Since we took the else branch at trace-time, the jaxpr only knows to immediately return the first argument.

## JIT compiling a function

Example of JIT compiling a `selu`:


In [36]:
import time


def selu(x, alpha=1.67, lambda_=1.05):
    return lambda_ * jnp.where(x > 0, x, alpha * jnp.exp(x) - alpha)


x = jnp.arange(1_000_000)
start = time.time()
selu(x).block_until_ready()
print(time.time() - start)

start = time.time()
jax.jit(selu)(x).block_until_ready()
print(time.time() - start)

0.0027778148651123047
0.048252105712890625


Before we JIT compile it, we are sending one operation at a time to the accelerator, which limits the XLA compiler’s ability to optimize anything.

`jax.jit()` gives the XLA compiler all of the code upfront. On the first call, the XLA compiler will trace the function and emit jaxpr which is then compiled into efficient accelerator-specific instructions.

Any subsequent calls will use the efficient compiled accelerator instructions directly.

## Why can’t we JIT everything?

Cannot JIT functions that use Python conditionals or loops.


In [37]:
@jax.jit
def g(x, n):
    i = 0
    while i < n:
        i += 1
    return x + i


print("Answer:", g(10, 20))

TracerBoolConversionError: Attempted boolean conversion of traced array with shape bool[].
The error occurred while tracing the function g at /var/folders/r0/zlgwr7551fg116vdpn_9s7ph0000gn/T/ipykernel_85568/222786207.py:1 for jit. This concrete value was not available in Python because it depends on the value of the argument n.
See https://docs.jax.dev/en/latest/errors.html#jax.errors.TracerBoolConversionError

Since the sequence of operations depends on a runtime value not known at trace-time so it is not possible to compile.

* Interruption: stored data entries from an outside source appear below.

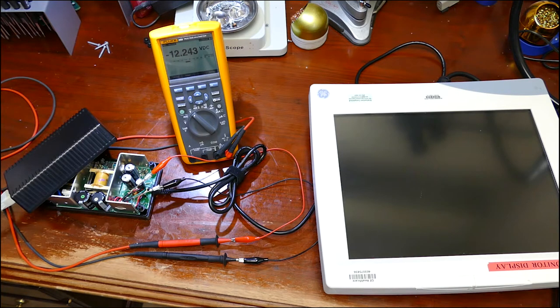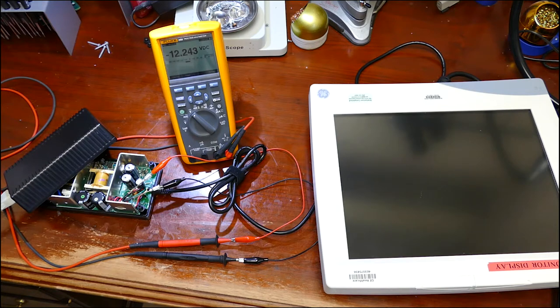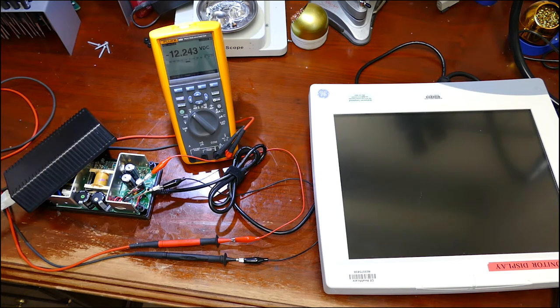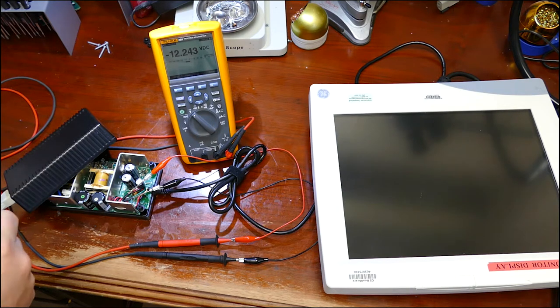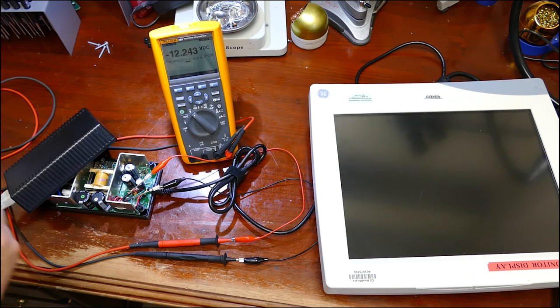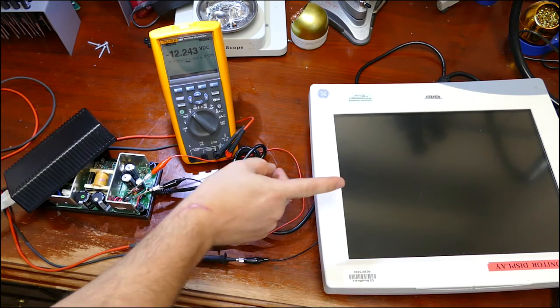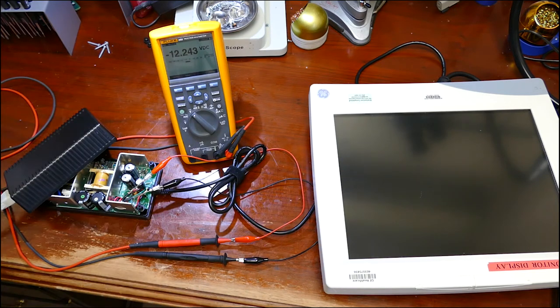Well one of the misconceptions is just because you have voltage does not mean you have amperage. See it's rated for 4.2 amps, which means this thing sucks a lot of juice.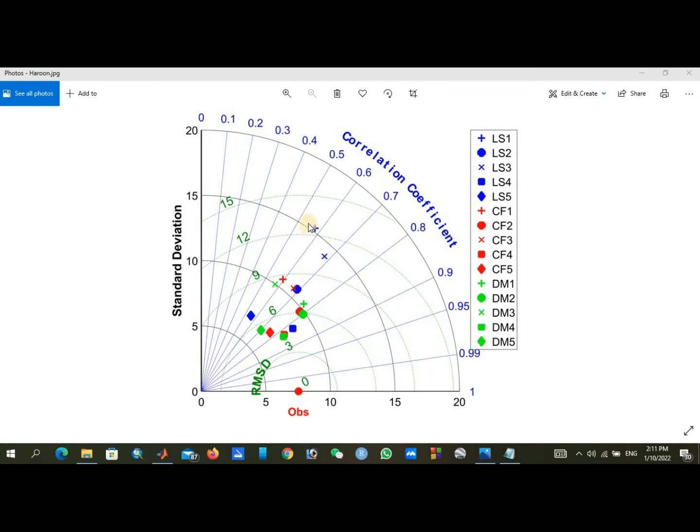Different symbols represent the different GCMs. Here is linear scaling one, two, and three. Similarly, change factor downscaling - there are five GCMs.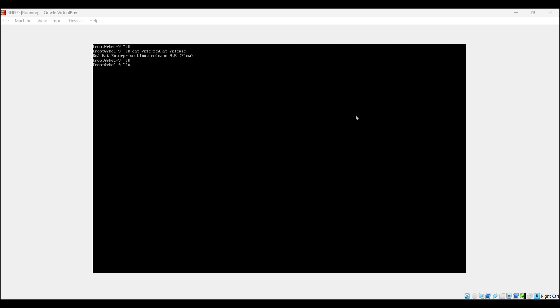Now let's boot RHEL 9 into rescue mode. Follow these steps carefully. If your system is running, then you need to restart it using the reboot command. If it is powered off, then turn it on. In my case, the system is already up and running. Let me reboot using the reboot command.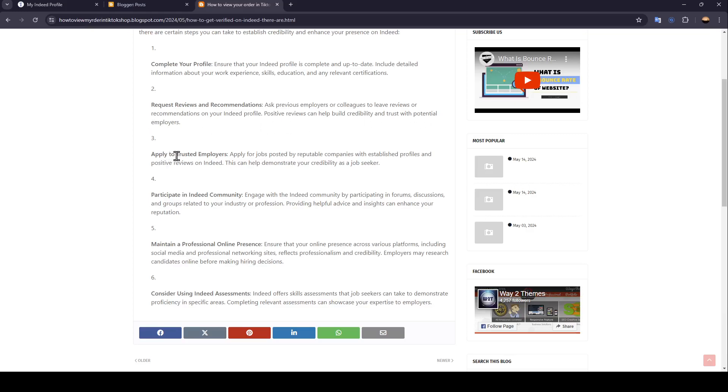Apply to trusted employers. Apply for jobs posted by reputable companies with established profiles and positive reviews on Indeed. This can help demonstrate your credibility as a job seeker.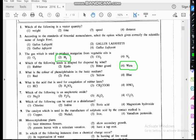Question five: what is the color of phenolphthalein in a basic medium? Phenolphthalein gives a pink color in a basic medium. When you add phenolphthalein to an acid, it will be colorless. Phenolphthalein is one indicator used to identify the acidity or basicity of a substance. Other indicators include pH papers and litmus papers.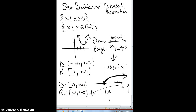In trig, domain and range typically involve radians or the ratio side of things. If we're dealing with radians, it could be something like negative pi over 2 to pi over 2 — we always go small to high, left to right on the x-axis and low to high on the y. In trig, if you're dealing with angles those numbers could be negative 2 pi to positive 2 pi, or pi over 2 to 3 pi over 2. If you need anything else on this, let me know and I can expand a bit more.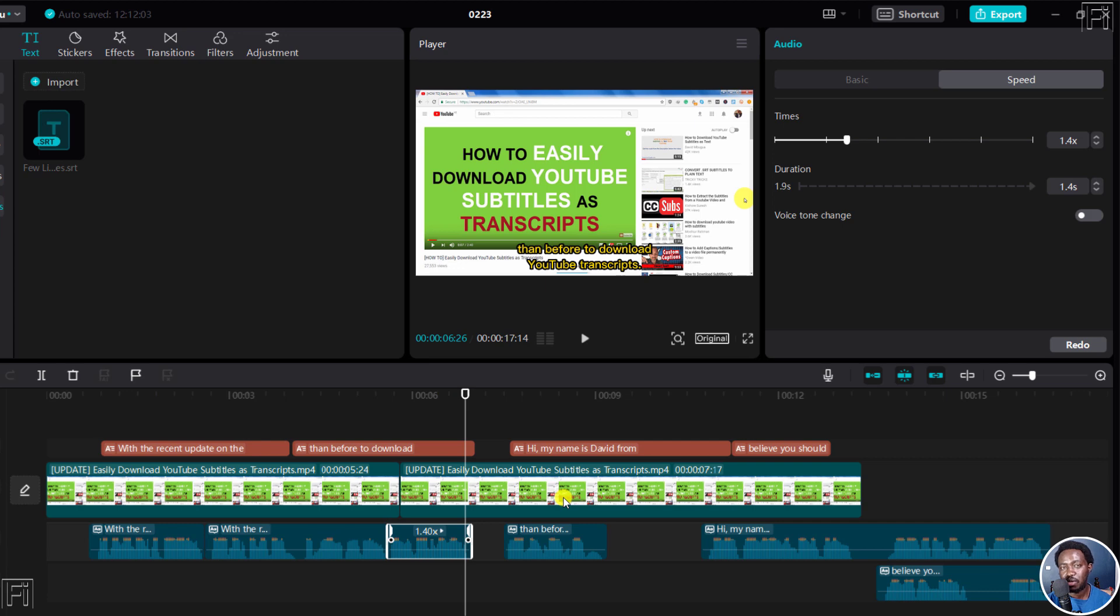Simply put, that's how you convert SRT to audio in CapCut for Windows PC. Thanks for watching.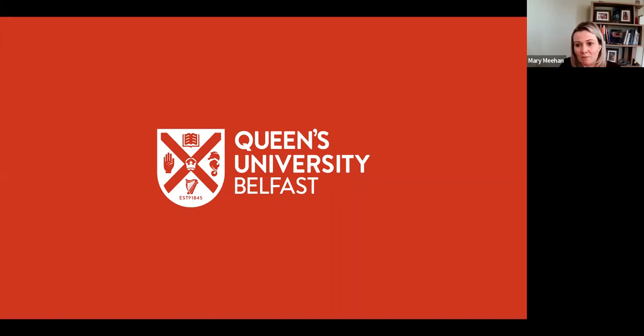Good afternoon, everyone. My name is Mary Meehan. I am the deputy chief executive of Manufacture Northern Ireland. You're all very welcome here this afternoon. We want to particularly welcome all our speakers and presenters from Queen's University who are going to present this afternoon.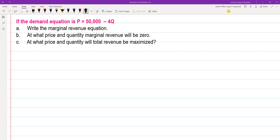If the demand equation is P equals 50,000 minus 4Q, write the marginal revenue equation. At what price and quantity will marginal revenue be zero? At what price and quantity will total revenue be maximized?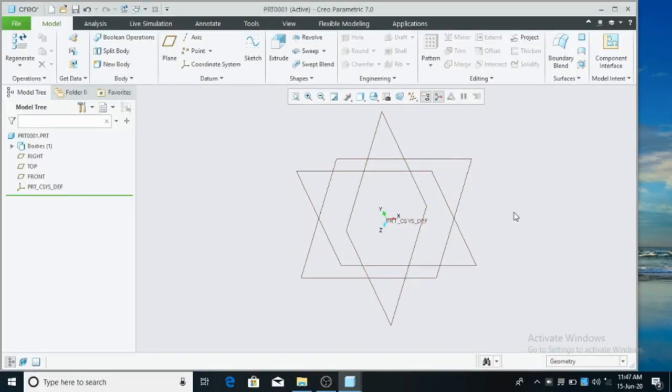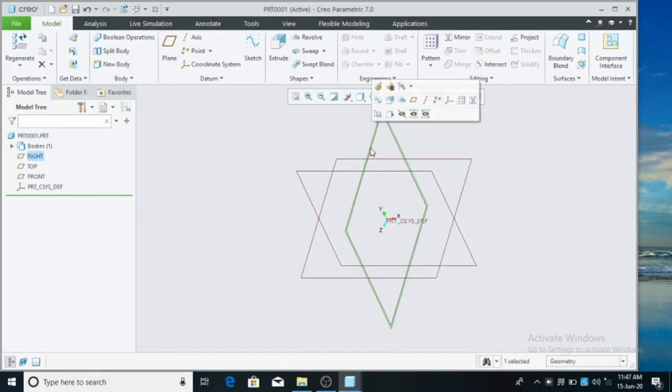Welcome to Chennai Mains channel. If you are not subscribed to Chennai Mains channel, subscribe to this channel. I am Vignesh from Chennai Mains.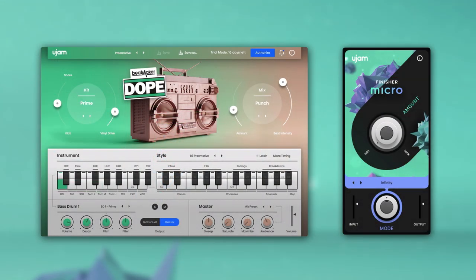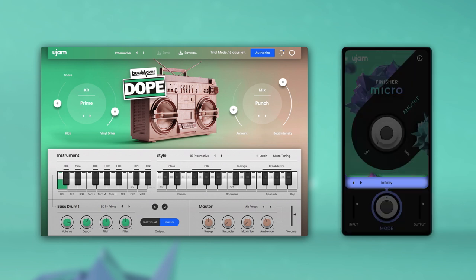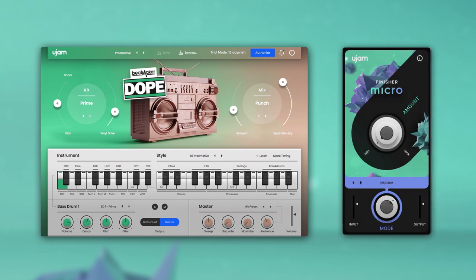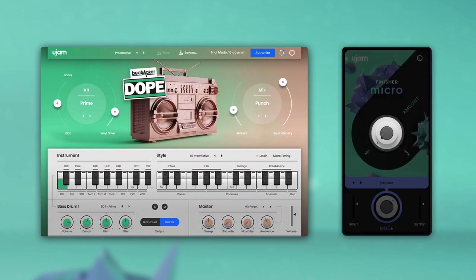You open up Finisher Micro as an effects instance in your DAW — in this case I'm using Beatmaker Dope — then you simply pick one of the modes and turn up the amount to your liking.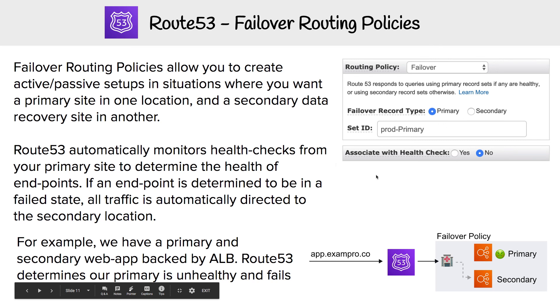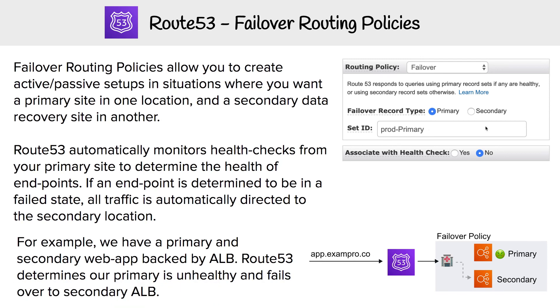You'd have to create two routing policies with the exact same domain — you just set which one is the primary and which one is the secondary. And it's that simple.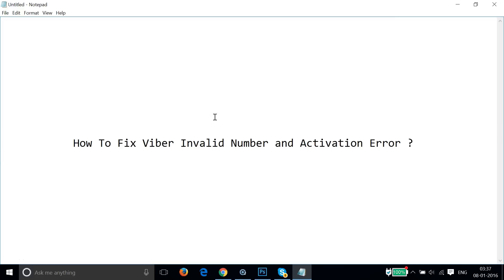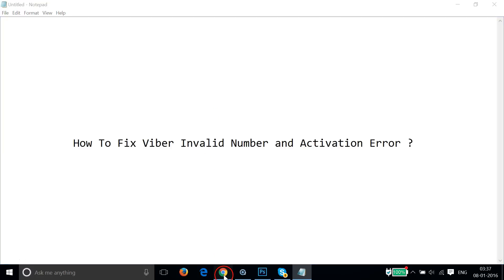Hi guys, in this tutorial I'm going to show you how you can fix Viber invalid number and activation error when you register your account on Viber. Sometimes Viber says that the number you are registering is invalid, so let me show you how we can fix that.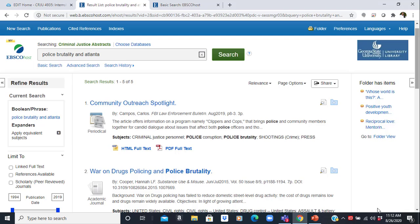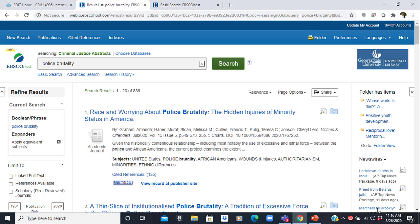So your first example: if you wanted to focus on police brutality and Atlanta, notice that we only have five results here. But if you broaden that out and just search police brutality, that gives us 839 results — that's a bit too many articles to go through. On the left you can narrow this down; notice you can narrow by scholarly peer-reviewed journals, and that will really give you the articles that you're looking for.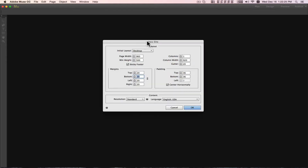Hello, my name is Khalil. I want to show you how to design a portfolio website through Adobe Muse CC. Let's get started.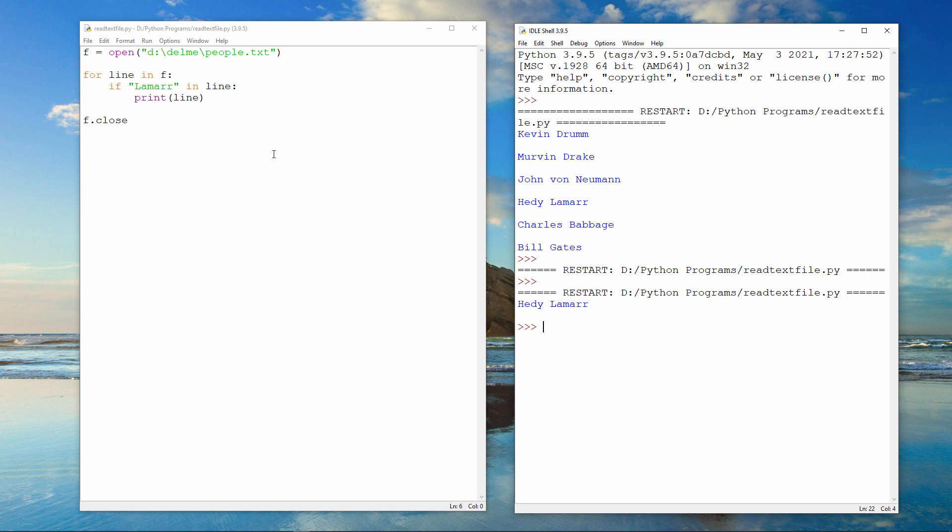In the next video, I'll show you how to create a program that can write data into a text file.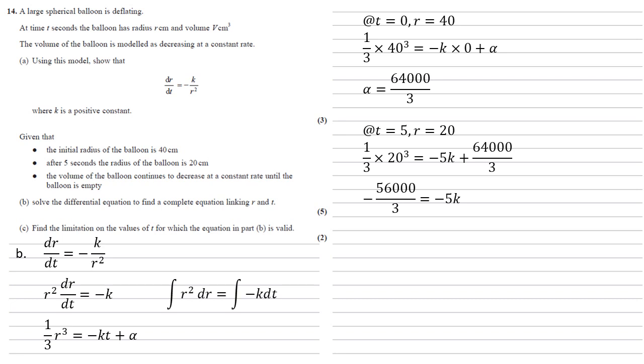Subtracting the 64,000 over 3 from both sides gives us that minus 56,000 over 3 equals minus 5k, so k equals 11,200 over 3.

Traced values in JIT like `x` and `n` can only affect control-flow based on their static attributes like `shape` or `dtype`, not their values:


In [None]:
@jax.jit
def g(x, y):
    if x.dtype == jax.dtypes.bfloat16:
        return x
    else:
        return y


print("Answer:", g(10, 20))

Answer: 20


Generally, avoid conditionals on values. If conditionals are necessary, use something like `jax.lax.cond()` for conditionals on traced values.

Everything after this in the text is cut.